══ RECORDS FOR THIS EXERCISE

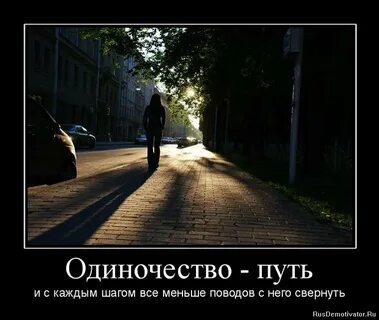 Быть одному это не одиночество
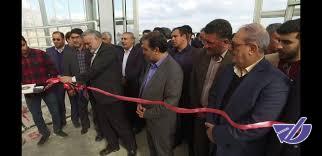 کلنگ‌زنی مجتمع گردشگری کشت و صنعت لرستان با حضور وزیر جهاد کشاورزی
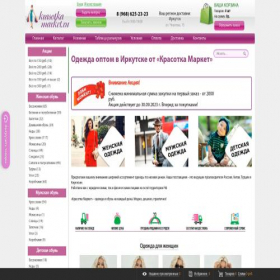 Скриншот главной страницы сайта irkutsk.krasotka-market.ru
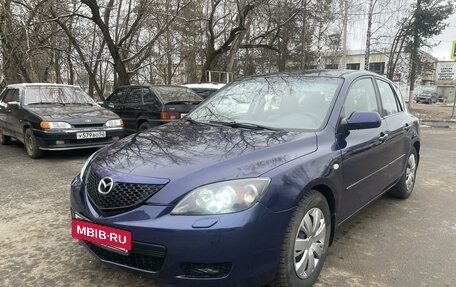 Mazda 3, 2006 год, 550 000 рублей, 7 фотография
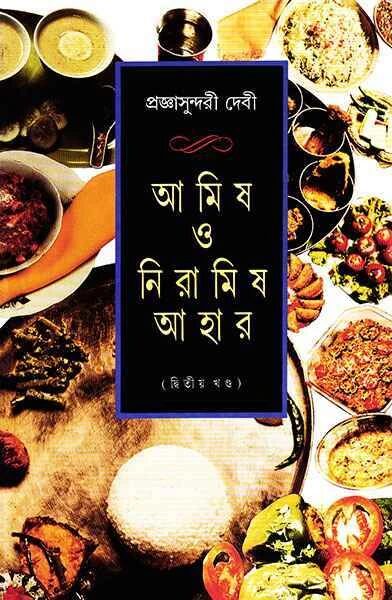 আমিষ ও নিরামিষ আহার ২য় খণ্ড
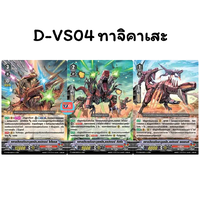 D-VS04 ทาจิคาเสะ ฟอย Set 3 แบบ แบบละ 1 ใบ
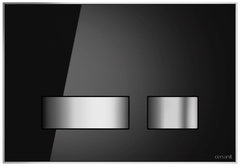 Клавиша смыва Cersanit Movi P-BU-MOV/Blg/Gl глянцевая, стекло, черный, 60184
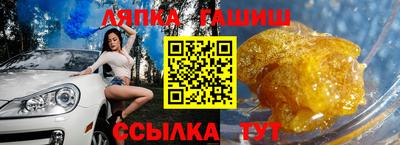 ECSTASY Волжск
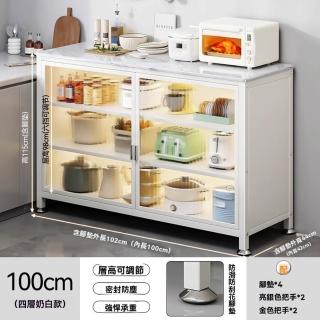 【顧家家居】廚房收納架 廚房置物架 餐邊收納櫃(102×44×115cm/加厚巖板/加厚亞克力/防塵收納/預售15天)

════

**WHAT NEEDS TO BE DONE:**
Once the line containing "کلنگ‌زنی مجتمع گردشگری" is found, transcribe it and the rest of the lines to the end of the listing above exactly, omitting all pictures.

**RESULT OF THIS EXERCISE:**
 کلنگ‌زنی مجتمع گردشگری کشت و صنعت لرستان با حضور وزیر جهاد کشاورزی
 Скриншот главной страницы сайта irkutsk.krasotka-market.ru
 Mazda 3, 2006 год, 550 000 рублей, 7 фотография
 আমিষ ও নিরামিষ আহার ২য় খণ্ড
 D-VS04 ทาจิคาเสะ ฟอย Set 3 แบบ แบบละ 1 ใบ
 Клавиша смыва Cersanit Movi P-BU-MOV/Blg/Gl глянцевая, стекло, черный, 60184
 ECSTASY Волжск
 【顧家家居】廚房收納架 廚房置物架 餐邊收納櫃(102×44×115cm/加厚巖板/加厚亞克力/防塵收納/預售15天)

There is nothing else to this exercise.